I toyed with my water glass as I debated how honest to be. I had a feeling if I blurted out I’d been horny as hell, he’d either jump me or run away. Instead, I settled for saying, “I’ve been doing well. I haven’t had any nausea or anything today, and my appetite seems to be stabilizing. I can actually eat food now throughout the day, and I don’t have to shovel it in or barely pick at it.”

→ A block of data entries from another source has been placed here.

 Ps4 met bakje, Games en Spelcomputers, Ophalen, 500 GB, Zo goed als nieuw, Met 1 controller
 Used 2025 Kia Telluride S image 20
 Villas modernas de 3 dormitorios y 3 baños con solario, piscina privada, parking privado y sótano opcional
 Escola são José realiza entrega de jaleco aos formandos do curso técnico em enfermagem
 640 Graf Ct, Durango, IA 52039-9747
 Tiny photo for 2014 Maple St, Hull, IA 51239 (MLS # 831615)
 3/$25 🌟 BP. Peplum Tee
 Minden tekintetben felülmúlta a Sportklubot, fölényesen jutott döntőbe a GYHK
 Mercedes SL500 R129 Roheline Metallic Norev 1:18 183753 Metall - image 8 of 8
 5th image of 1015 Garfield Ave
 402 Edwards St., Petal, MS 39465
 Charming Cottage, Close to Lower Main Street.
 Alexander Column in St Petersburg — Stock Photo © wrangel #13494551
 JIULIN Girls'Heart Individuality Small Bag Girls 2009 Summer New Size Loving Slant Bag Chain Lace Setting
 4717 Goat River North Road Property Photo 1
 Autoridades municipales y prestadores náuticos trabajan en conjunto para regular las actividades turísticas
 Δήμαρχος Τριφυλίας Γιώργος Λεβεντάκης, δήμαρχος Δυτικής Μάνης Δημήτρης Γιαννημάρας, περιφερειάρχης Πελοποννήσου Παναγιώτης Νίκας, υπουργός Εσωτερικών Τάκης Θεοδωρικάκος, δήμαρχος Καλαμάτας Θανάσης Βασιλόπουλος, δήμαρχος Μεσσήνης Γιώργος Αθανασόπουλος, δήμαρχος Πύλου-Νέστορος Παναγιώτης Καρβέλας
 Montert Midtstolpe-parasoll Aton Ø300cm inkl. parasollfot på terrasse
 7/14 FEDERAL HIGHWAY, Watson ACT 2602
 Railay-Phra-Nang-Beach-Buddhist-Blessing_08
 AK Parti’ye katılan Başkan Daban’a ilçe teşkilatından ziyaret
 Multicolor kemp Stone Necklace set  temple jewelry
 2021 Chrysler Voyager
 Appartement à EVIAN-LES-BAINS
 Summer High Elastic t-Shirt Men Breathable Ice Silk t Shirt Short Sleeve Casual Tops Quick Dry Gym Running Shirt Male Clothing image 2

He looked relieved. “I’m glad to hear it. Since you’re feeling better now, I thought you might be up to attending a garden party this weekend.”
I formed fists with my hands to hide the rush of panic. “What’s a garden party?” Despite having grown up in a wealthy household, and being subjected to a few of the Chastain parties, I hadn’t really enjoyed an active social life. Partly, that had been my choice, because I hadn’t had any interest in that scene, but also because Wayne had maneuvered it so I was almost always left out. My mother had never seemed to notice, or perhaps she just hadn’t wanted to see, but I had accepted early on that Wayne didn’t want me to be seen as part of their family, and I had started to duck away on my own initiative.
“It’s an afternoon gathering held outdoors. One of the judges in the area is hosting the party, so I thought we might attend.”
It was a business-related venture. I relaxed and nodded. “I’d be happy to go with you.”
“Are you ready for dessert?”
Summoning my courage, I leaned forward and slowly ran my tongue over my lower lip. “It depends on what you’re offering for dessert?”